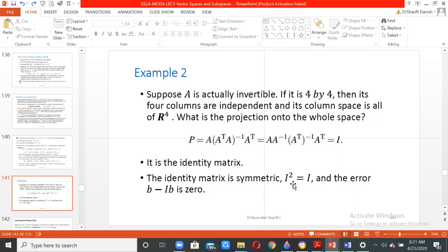The identity matrix is symmetric, and I² = I. When P = I, the error e = b − Pb = b − Ib = b − b = 0. There is no error, which means the point itself lies in the column space, which is the whole space. The point is already in the column space.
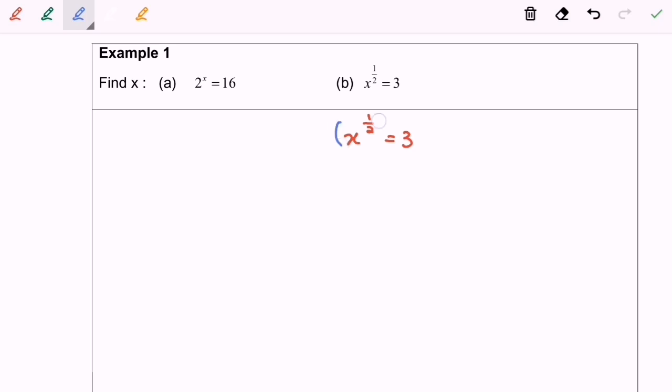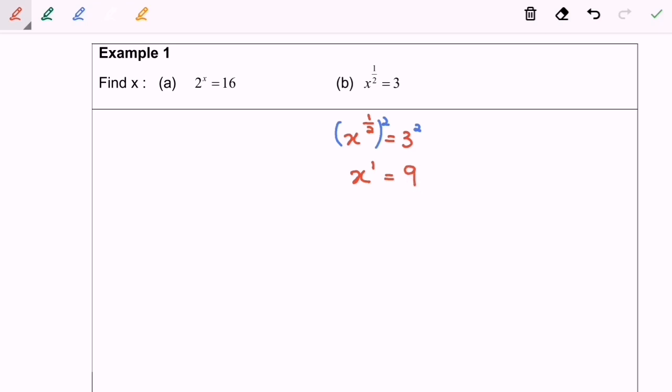So for this example, I'm going to square both sides. Then I will have x power of 1 equals to 9. So the final answer would be x equals to 9.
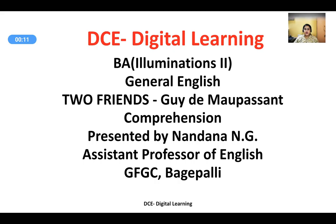Welcome to Digital Learning, an initiative of the Directorate of Collegiate Education, Government of Karnataka. 'Two Friends,' a short story by Guy de Maupassant, is prescribed for second semester BA General English, Bengaluru North University. In the previous sessions, the short story was discussed in detail along the lines of introduction, elements of the plot, characterization, and themes. In this session, the comprehension part or the textual questions will be analyzed.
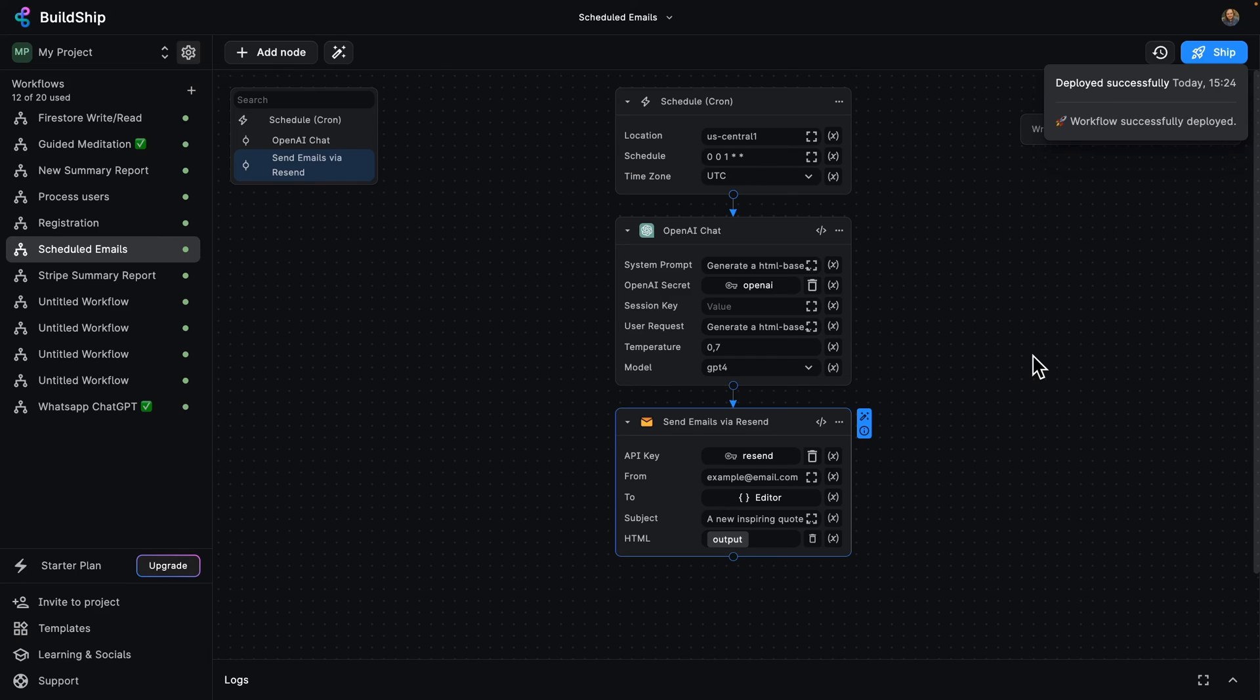And as you can see, that was just a couple of clicks. Check in the next day and start getting those emails.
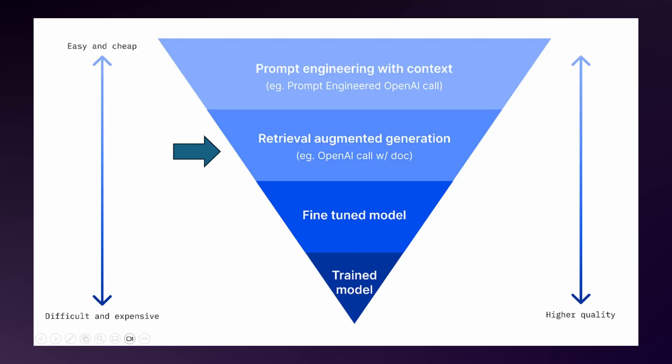Approach number two, retrieval augmented generation. Large language models have their limitations. They only know what they were trained on and can't access post-training information or private data. To bridge this gap, we use retrieval augmented generation. This technique adds external data in the form of chunks of documents into your prompt, effectively expanding the model's knowledge. It's powered by vector database tools like Azure vector search. And it is a valuable approach when you lack the data, the time, or the resources to fine-tune your large language model but want to boost its performance and minimize risk of incorrect information or harmful content.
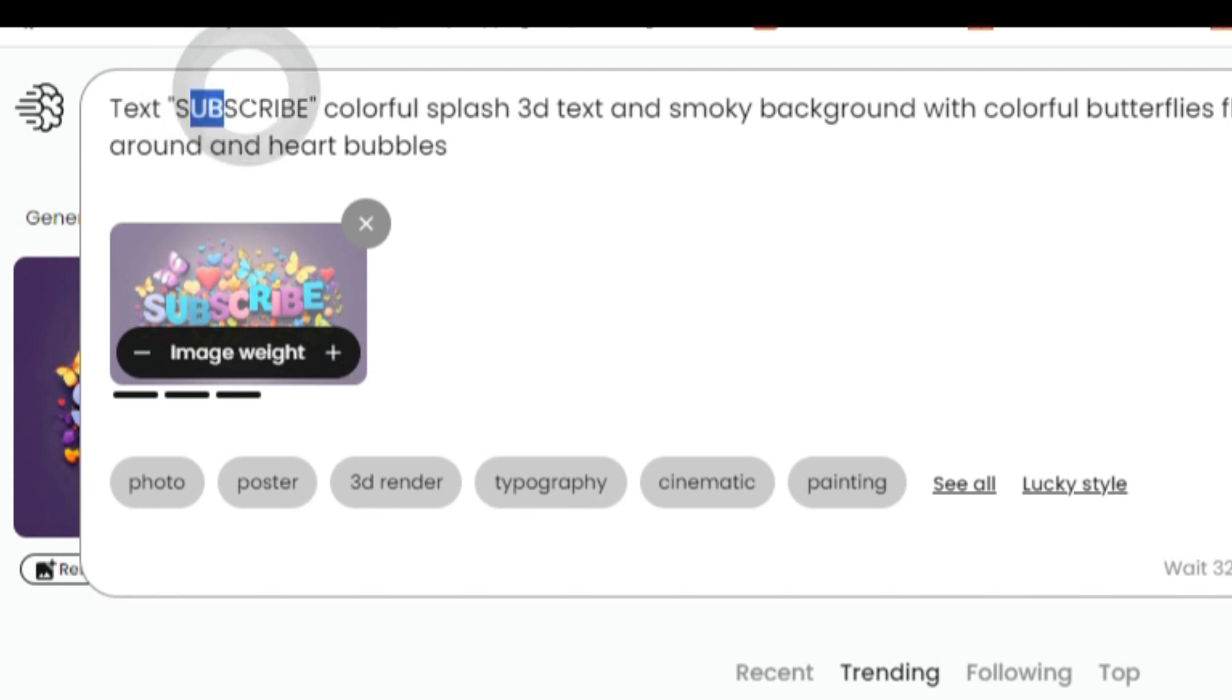And then we can adjust the text and generate again to get a similar style image. In other words, it allows us to develop the same image over and over until we get it perfect.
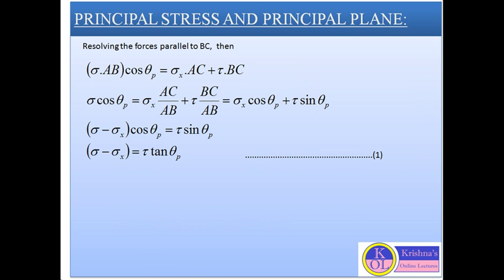While resolving the forces parallel to BC, we have the equation: sigma·AB·cos θP = σx·AC + τ·BC. Simplifying, we get sigma·cos θP = σx·(AC/AB) + τ·(BC/AB), which equals σx·cos θP + τ·sin θP. The final equation becomes: sigma − σx = τ·tan θP.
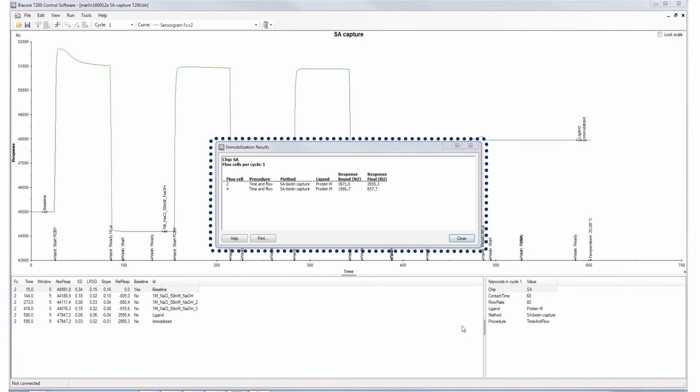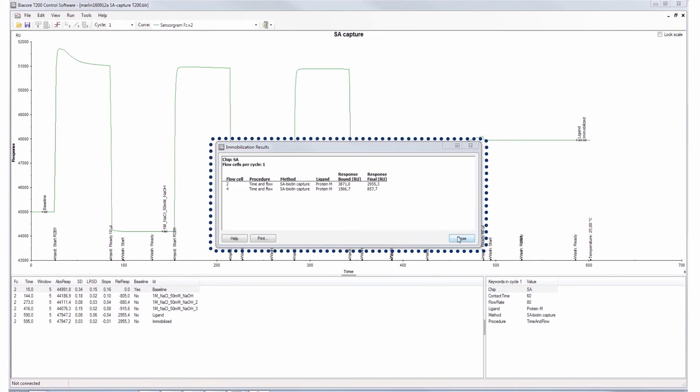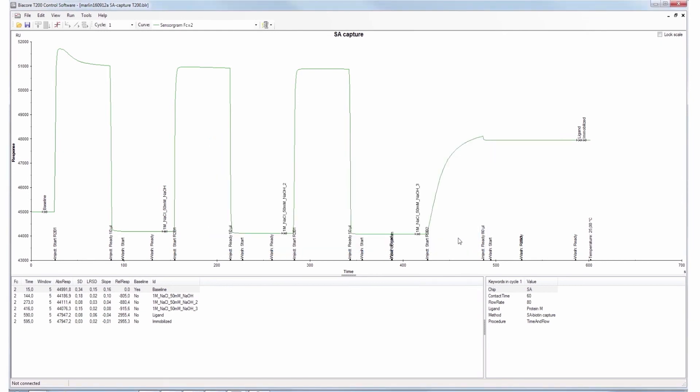When the method has finished, the capturing level is reported. The reagents and sample injections can easily be viewed in the sensorgram. The first three injections are the conditioning of the SA chip. The next step is the capture of the biotinylated ligand.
____________
◆ **TASK**: Word for word, copy out each record; do not include pictures.

◆ **RESULT OF THE EXERCISE**:
The identity matrix is symmetric, and I² = I. When P = I, the error e = b − Pb = b − Ib = b − b = 0. There is no error, which means the point itself lies in the column space, which is the whole space. The point is already in the column space.
So for this example, I'm going to square both sides. Then I will have x power of 1 equals to 9. So the final answer would be x equals to 9.
Welcome to Digital Learning, an initiative of the Directorate of Collegiate Education, Government of Karnataka. 'Two Friends,' a short story by Guy de Maupassant, is prescribed for second semester BA General English, Bengaluru North University. In the previous sessions, the short story was discussed in detail along the lines of introduction, elements of the plot, characterization, and themes. In this session, the comprehension part or the textual questions will be analyzed.
And as you can see, that was just a couple of clicks. Check in the next day and start getting those emails.
Approach number two, retrieval augmented generation. Large language models have their limitations. They only know what they were trained on and can't access post-training information or private data. To bridge this gap, we use retrieval augmented generation. This technique adds external data in the form of chunks of documents into your prompt, effectively expanding the model's knowledge. It's powered by vector database tools like Azure vector search. And it is a valuable approach when you lack the data, the time, or the resources to fine-tune your large language model but want to boost its performance and minimize risk of incorrect information or harmful content.
And then we can adjust the text and generate again to get a similar style image. In other words, it allows us to develop the same image over and over until we get it perfect.
While resolving the forces parallel to BC, we have the equation: sigma·AB·cos θP = σx·AC + τ·BC. Simplifying, we get sigma·cos θP = σx·(AC/AB) + τ·(BC/AB), which equals σx·cos θP + τ·sin θP. The final equation becomes: sigma − σx = τ·tan θP.
When the method has finished, the capturing level is reported. The reagents and sample injections can easily be viewed in the sensorgram. The first three injections are the conditioning of the SA chip. The next step is the capture of the biotinylated ligand.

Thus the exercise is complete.